Can we reduce "fake news" with anonymous group shaming?
I have many things to discuss on the problem of "fake news" (which is to say, deliberately constructed false reports aimed to be spread to deceive) and the way it spreads through social media. This hot topic, seen as one of the largest threats to democracy to ever arise -- especially when combined with automated microtargeting of political propaganda -- is causing people to clamour for solutions.
Some of the solutions proposed are problematic on their own. Appointing social network sites to be arbiters of what is real and fake. Censorship executed by web sites or the government or both. Rules similar to the "false news" law in Canada that was ruled unconstitutional after it convicted a holocaust denier. (See: R v Zundel)
Here I propose an alternative in the form of semi-anonymous shaming. If we can create consequences for the spreading of fake news, social consequences, we may be able to reduce it. Of course, if your friend online posts some fake news, you may be inclined (as I often am) to call them out on it. This is not typical activity. Most people are afraid of damaging a friendship in this fashion.
Perhaps we can craft a way to call friends out for posting fake news that makes them feel some shame in forwarding it, but which can still be done in friendly society.
At a first level, networks could include a tool so that when you see what you believe to be fake news, you could tag it. Those upstream who forwarded the story could then, after some number of such tags, be told, "5 of your friends want to point out to you that this story is fake." Additional text lines could be offered without attribution.
Social networks love to have people tag other content, though usually positively, and not anonymously. Everybody on Facebook is constantly clicking "Like." All the variations of the Like button, even "Sad" are positive feedback, and all are identified. Some networks allow both upvoting and downvoting. The presence of downvoting is controversial. It is often misused (people downvote things they disagree with, not things they think are poorly written or incorrect) but is usually anonymous. Some proposals exist that upvotes and downvotes would be tallied independently.

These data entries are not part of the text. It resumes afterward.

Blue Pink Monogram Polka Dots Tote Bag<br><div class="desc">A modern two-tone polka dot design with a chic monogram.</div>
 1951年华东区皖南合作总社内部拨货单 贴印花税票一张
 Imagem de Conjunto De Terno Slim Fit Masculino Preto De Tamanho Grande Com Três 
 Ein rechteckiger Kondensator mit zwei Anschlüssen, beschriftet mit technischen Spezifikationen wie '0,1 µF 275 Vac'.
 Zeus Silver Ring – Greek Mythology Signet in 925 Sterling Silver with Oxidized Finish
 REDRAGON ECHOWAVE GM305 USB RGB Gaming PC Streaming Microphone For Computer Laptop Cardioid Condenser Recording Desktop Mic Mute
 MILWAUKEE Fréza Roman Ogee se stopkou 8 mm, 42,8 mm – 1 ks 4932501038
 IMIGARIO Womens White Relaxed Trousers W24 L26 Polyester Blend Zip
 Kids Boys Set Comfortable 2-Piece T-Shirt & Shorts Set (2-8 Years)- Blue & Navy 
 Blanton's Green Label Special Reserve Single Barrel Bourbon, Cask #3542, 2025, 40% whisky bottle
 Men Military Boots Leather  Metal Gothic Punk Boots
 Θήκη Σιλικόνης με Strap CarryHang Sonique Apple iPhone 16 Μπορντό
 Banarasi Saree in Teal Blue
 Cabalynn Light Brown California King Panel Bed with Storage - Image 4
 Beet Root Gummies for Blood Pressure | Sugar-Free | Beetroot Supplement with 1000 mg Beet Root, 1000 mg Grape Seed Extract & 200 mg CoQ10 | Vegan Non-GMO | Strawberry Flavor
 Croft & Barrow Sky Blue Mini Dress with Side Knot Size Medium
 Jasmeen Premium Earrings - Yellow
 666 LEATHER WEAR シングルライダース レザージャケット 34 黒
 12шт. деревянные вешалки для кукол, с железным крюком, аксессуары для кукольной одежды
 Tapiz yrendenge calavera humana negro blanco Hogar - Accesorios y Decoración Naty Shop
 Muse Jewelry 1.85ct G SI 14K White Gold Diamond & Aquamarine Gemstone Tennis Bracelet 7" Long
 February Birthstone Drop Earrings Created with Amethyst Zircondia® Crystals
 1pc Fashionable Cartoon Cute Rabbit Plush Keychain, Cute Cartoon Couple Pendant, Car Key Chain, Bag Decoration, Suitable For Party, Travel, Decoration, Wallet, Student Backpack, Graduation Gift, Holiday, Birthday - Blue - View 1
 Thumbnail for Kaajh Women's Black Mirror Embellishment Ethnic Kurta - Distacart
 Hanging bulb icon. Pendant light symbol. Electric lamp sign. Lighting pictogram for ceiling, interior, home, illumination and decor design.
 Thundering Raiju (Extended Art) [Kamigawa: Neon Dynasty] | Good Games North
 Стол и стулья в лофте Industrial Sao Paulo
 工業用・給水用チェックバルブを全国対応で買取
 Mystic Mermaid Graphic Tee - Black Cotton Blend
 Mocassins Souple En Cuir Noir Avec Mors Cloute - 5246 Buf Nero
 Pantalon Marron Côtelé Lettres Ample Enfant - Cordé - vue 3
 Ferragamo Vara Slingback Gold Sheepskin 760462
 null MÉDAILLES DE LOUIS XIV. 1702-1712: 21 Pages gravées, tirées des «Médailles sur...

I will emphasize again that what is proposed is primarily a method of communication among friends, not to random strangers. Upvoting/reporting systems on public postings are common, but also often gamed. Robots could not easily participate in this unless you friend them.
The use of shame could go further. Ideally we would like a way so that somebody, discovering they have made a mistake, would not be too shamed, because we want them to issue a retraction and pass it down the line. Nobody likes issuing retractions, even large professional news organizations that feel it is their journalistic duty.
A good system could do things to encourage retraction, and in particular to make retraction less embarrassing. For example, if more than one person forwarded the same item of fake news to a given person, that person could simply be informed, "Recently, several of your friends included this story in your feed. Some of them now report they have learned the story was seriously erroneous or even fake. They extend their apologies and wish to make sure you know the story is fake."
I want to duplicate the dynamic of somebody saying, "Sorry, my bad" and others responding "It's cool" so that errors are corrected but friendship is not damaged.
Of course, if you got a fake story from only one person, you will know they issued the apology but even so it will seem less direct and embarrassing than a personal and public retraction.
The social site could also add language to make people feel better about retractions. Throw in lines like, "As you probably know, false stories show up all the time in social feeds, and people decide to retract them thousands of times a day. We hope you appreciate that your contact has had the courage and sense of right to correct this unfortunately common mistake that people make online."
The ultimate goal of course is that people, not wanting to retract or get called out will think a little bit more before posting fake news.
This can also be combined with plans at some social networks to build tools that detect fake news after the fact. If a story has been confirmed, through crowd wisdom or other sources, to be fake news, this can lead to encouragement for retraction by the original poster and forwarders, or encouragement to recipients to investigate and call out the source on their BS.
Naturally, any system like this has a danger. Some will use it on stories that they simply disagree with rather than just stories that are outright deceptions. Experimentation would be needed to figure out the best ways to limit that, or even to allow counter-claims. Of course, since it's just opinion between friends, nothing is harmed if you claim that news you don't agree with or with minor errors is fake news (like Donald Trump often does) unless those reports somehow can cause other things, like flagging articles for review.